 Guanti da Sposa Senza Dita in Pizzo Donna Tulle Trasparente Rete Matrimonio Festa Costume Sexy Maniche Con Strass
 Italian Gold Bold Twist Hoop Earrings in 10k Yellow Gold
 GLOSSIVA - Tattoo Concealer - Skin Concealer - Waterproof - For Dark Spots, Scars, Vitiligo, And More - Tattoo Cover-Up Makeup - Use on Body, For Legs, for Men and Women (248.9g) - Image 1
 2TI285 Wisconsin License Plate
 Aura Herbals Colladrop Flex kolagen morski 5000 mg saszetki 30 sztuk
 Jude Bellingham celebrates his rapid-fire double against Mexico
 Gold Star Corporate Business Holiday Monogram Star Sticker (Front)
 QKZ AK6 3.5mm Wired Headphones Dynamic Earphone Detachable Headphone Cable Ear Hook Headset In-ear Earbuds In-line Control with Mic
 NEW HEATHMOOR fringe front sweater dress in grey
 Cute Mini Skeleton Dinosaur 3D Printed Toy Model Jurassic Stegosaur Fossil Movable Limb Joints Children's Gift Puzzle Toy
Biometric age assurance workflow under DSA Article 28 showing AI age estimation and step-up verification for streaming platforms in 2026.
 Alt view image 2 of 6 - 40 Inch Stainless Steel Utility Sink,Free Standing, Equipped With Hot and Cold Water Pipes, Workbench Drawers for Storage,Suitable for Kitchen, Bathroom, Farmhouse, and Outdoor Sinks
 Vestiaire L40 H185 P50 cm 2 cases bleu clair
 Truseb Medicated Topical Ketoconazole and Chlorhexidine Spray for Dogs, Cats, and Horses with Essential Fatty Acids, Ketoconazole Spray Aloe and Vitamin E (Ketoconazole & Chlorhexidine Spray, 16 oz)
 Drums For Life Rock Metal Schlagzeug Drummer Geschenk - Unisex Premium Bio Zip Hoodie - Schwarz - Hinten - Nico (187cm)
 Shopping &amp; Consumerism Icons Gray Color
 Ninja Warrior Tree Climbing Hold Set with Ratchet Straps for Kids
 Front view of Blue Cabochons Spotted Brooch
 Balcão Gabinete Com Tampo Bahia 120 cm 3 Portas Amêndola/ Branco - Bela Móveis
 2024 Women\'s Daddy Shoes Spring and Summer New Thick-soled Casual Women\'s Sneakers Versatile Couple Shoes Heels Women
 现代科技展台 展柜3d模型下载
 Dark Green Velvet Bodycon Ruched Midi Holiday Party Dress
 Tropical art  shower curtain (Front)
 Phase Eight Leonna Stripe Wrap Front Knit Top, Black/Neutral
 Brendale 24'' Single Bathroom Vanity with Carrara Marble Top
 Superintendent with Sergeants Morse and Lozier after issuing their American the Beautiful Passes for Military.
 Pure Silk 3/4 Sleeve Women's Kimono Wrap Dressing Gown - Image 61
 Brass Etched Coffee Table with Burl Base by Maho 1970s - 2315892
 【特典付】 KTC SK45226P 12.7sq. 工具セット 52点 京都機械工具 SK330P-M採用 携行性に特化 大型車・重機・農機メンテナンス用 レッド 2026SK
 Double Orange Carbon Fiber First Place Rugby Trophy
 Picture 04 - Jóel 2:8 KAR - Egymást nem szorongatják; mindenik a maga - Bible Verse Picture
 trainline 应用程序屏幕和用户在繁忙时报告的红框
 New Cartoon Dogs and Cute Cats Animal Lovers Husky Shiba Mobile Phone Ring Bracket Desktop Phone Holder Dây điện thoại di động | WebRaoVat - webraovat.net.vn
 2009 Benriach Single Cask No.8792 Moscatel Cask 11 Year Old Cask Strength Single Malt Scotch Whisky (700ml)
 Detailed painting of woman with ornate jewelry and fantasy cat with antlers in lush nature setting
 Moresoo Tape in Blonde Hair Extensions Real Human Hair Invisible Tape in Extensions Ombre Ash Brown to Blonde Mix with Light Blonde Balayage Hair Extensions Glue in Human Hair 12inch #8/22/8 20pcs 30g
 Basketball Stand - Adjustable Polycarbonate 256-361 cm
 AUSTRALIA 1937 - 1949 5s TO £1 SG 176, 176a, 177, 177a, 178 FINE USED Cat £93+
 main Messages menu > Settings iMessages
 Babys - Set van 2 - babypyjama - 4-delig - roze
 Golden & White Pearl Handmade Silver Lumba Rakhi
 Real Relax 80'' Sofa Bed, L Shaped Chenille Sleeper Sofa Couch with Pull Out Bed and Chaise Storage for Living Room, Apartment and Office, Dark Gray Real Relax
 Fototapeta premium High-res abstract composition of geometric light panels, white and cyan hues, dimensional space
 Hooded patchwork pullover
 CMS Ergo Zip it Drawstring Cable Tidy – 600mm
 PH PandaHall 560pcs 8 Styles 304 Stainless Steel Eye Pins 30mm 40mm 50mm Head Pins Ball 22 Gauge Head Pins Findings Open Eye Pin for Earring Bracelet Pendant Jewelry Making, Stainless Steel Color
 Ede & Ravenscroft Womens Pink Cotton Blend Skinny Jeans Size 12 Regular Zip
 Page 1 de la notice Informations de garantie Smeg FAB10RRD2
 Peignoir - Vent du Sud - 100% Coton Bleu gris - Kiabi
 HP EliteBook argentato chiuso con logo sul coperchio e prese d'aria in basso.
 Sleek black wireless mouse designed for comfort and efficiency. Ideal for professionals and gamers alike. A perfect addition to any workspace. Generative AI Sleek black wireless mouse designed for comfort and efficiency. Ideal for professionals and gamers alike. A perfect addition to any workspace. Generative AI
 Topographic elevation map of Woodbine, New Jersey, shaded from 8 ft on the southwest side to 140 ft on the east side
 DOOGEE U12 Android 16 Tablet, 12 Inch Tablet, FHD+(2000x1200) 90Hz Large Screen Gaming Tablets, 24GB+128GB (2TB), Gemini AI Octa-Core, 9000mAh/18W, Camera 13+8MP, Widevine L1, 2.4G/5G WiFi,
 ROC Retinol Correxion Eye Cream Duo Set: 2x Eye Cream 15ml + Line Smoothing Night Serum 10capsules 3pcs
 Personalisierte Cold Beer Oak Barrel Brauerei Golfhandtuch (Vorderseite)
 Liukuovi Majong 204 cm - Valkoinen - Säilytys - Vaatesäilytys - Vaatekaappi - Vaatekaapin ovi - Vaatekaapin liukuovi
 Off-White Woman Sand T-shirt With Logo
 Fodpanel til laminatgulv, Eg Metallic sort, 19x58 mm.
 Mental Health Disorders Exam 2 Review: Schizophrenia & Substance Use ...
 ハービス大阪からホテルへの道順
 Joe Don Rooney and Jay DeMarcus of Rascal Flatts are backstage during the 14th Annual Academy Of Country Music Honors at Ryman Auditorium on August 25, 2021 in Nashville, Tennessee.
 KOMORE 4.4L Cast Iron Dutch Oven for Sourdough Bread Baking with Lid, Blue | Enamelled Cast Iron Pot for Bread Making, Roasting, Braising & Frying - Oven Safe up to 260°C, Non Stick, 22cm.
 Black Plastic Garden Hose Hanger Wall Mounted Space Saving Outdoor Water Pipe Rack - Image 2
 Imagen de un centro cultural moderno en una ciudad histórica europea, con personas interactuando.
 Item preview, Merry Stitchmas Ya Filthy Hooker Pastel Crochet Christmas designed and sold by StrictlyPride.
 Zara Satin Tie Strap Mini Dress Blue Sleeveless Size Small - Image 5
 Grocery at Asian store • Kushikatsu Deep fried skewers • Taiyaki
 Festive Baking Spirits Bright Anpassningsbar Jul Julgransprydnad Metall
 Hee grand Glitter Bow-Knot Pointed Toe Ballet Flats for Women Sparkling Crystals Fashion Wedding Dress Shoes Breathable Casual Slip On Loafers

──────────

What you should do: Return, unchanged, the run of lines above that opens with the line containing "Babys - Set" and closes with the line containing "Real Relax 80''". Include both.

Reply to the exercise:
 Babys - Set van 2 - babypyjama - 4-delig - roze
 Golden & White Pearl Handmade Silver Lumba Rakhi
 Real Relax 80'' Sofa Bed, L Shaped Chenille Sleeper Sofa Couch with Pull Out Bed and Chaise Storage for Living Room, Apartment and Office, Dark Gray Real Relax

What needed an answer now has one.